- Opening Delimiter -

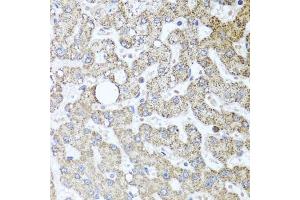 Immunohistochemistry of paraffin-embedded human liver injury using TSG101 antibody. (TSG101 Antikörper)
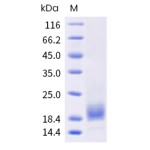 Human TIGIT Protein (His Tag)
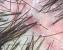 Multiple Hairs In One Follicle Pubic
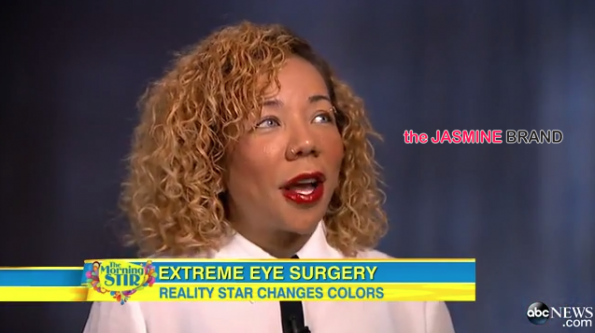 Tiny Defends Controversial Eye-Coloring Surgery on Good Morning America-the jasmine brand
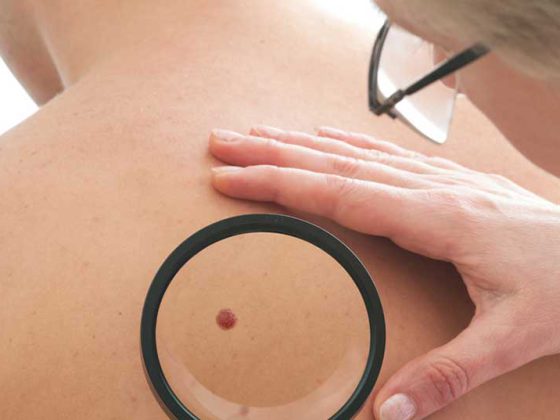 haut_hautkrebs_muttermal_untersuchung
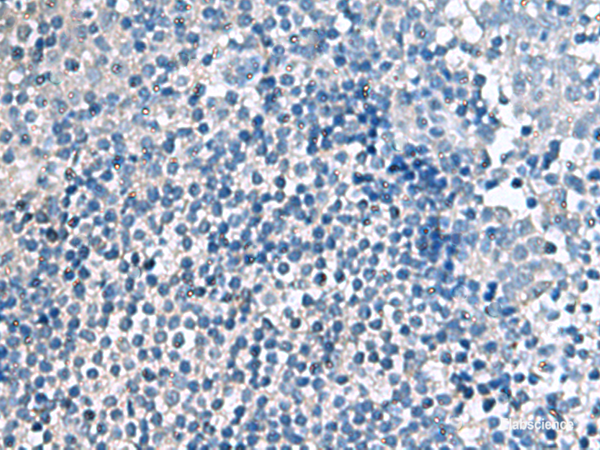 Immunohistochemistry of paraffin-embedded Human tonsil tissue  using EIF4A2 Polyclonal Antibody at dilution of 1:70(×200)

- Closing Delimiter -
- Opening Delimiter -

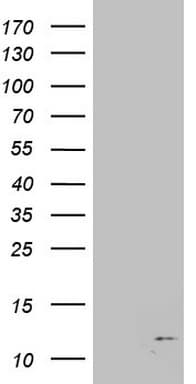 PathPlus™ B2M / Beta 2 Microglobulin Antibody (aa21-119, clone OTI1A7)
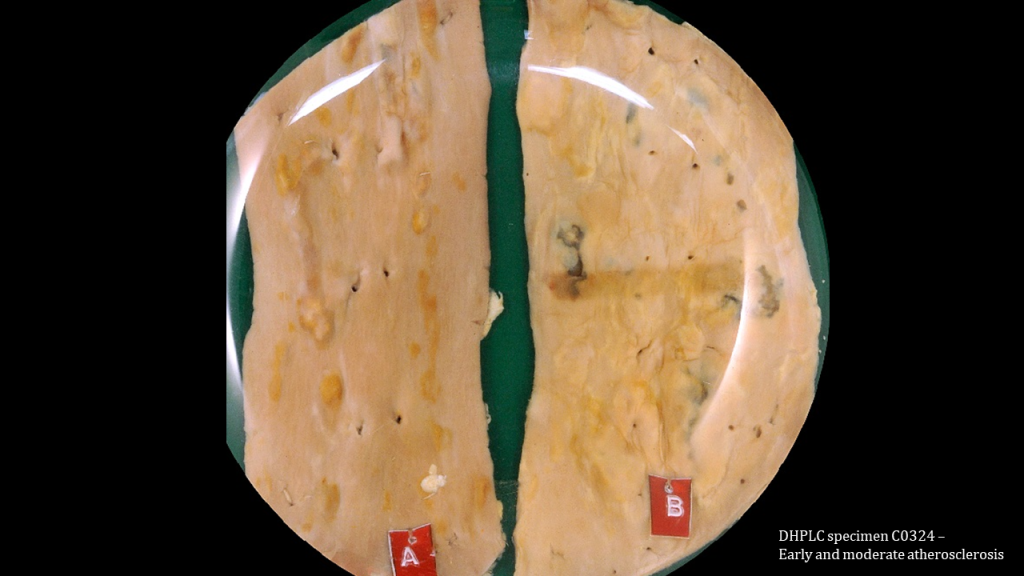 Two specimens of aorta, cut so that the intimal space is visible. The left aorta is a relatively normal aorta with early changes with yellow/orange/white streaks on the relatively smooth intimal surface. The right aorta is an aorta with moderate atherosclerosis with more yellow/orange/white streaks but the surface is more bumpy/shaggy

- Closing Delimiter -

From the records above, copy exactly the stretch from the line holding "haut_hautkrebs_muttermal_untersuchung" through the line holding "Immunohistochemistry of paraffin-embedded Human tonsil", both ends included, without the pictures.

 haut_hautkrebs_muttermal_untersuchung
 Immunohistochemistry of paraffin-embedded Human tonsil tissue  using EIF4A2 Polyclonal Antibody at dilution of 1:70(×200)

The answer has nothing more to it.